The new National Funding Formula was announced today by the Secretary of State for Education, Justine Greening MP. Many school leaders and teachers will be interested in how their school’s funding will change. Times are hard and getting harder.
The headlines are:
- A minimum per-pupil funding level for secondary schools of £4,600 in 2018/19 and £4,800 in 2019/20 and for primary schools of £3,300 in 2018/19 and £3,500 in 2019/20
- Pupil led funding will increase by a minimum of 0.5% per pupil and a maximum of 3% per pupil in each of the two years
- The lump sum per school will be set at £110,000 in the national formula
- There is a sparsity/rural schools will gain on average 3.9%
- Local authorities will get schools’ funding in a lump sum so will still be able to change the indicative amounts determined by the National Funding Formula up to 2020.
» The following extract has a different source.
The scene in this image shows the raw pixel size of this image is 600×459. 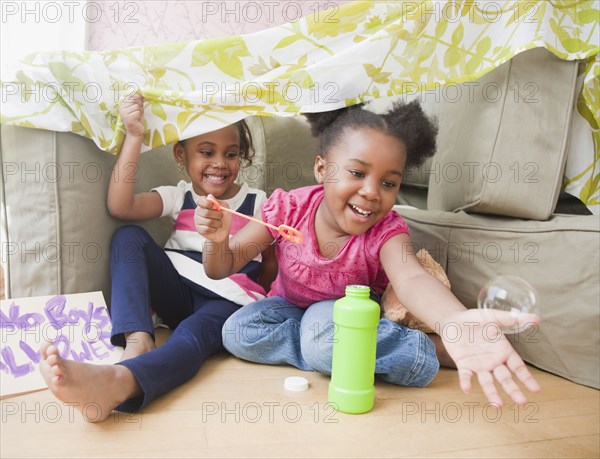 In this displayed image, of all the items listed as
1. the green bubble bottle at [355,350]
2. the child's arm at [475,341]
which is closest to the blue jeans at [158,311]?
the green bubble bottle at [355,350]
If you want to know your own school’s indicative funding (or the school down the road) there is an excel spreadsheet available for download here.
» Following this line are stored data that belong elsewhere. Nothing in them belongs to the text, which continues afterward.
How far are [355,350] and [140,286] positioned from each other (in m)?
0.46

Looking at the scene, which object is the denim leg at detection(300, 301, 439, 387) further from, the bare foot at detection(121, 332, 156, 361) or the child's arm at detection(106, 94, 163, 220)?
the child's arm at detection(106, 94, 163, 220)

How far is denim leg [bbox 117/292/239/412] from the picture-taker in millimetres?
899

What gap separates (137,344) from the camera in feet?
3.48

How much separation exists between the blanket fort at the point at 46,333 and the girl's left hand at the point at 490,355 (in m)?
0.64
Once the file has downloaded you want to click on the second tab – first drop down box allows you to click on the LA the school is in. The drop down box allows you to select a school. Be warned you need pretty good eyesight as the names of the LA and schools is rather small. Here’s St. Mary’s as an example.
The table will give you the school’s 2017/18 funding which is used as the baseline. Then the indicative or notional funding for 2018/19 and 2019/20 with percentage increases; remember the local authority’s School Forum still has the discretion to alter these amounts.
Every school should get at least a 0.5% increase in 2018/19 and a 1% increase in 2019/20. However neither of the minimum guaranteed increases is likely to cover the increase in salary costs, even more so if the salary cap is removed, and other increases will further increase the budgetary pressures on these schools. As with all fairer funding changes; it depends whether you are a winner or a loser on how fair you feel the changes are.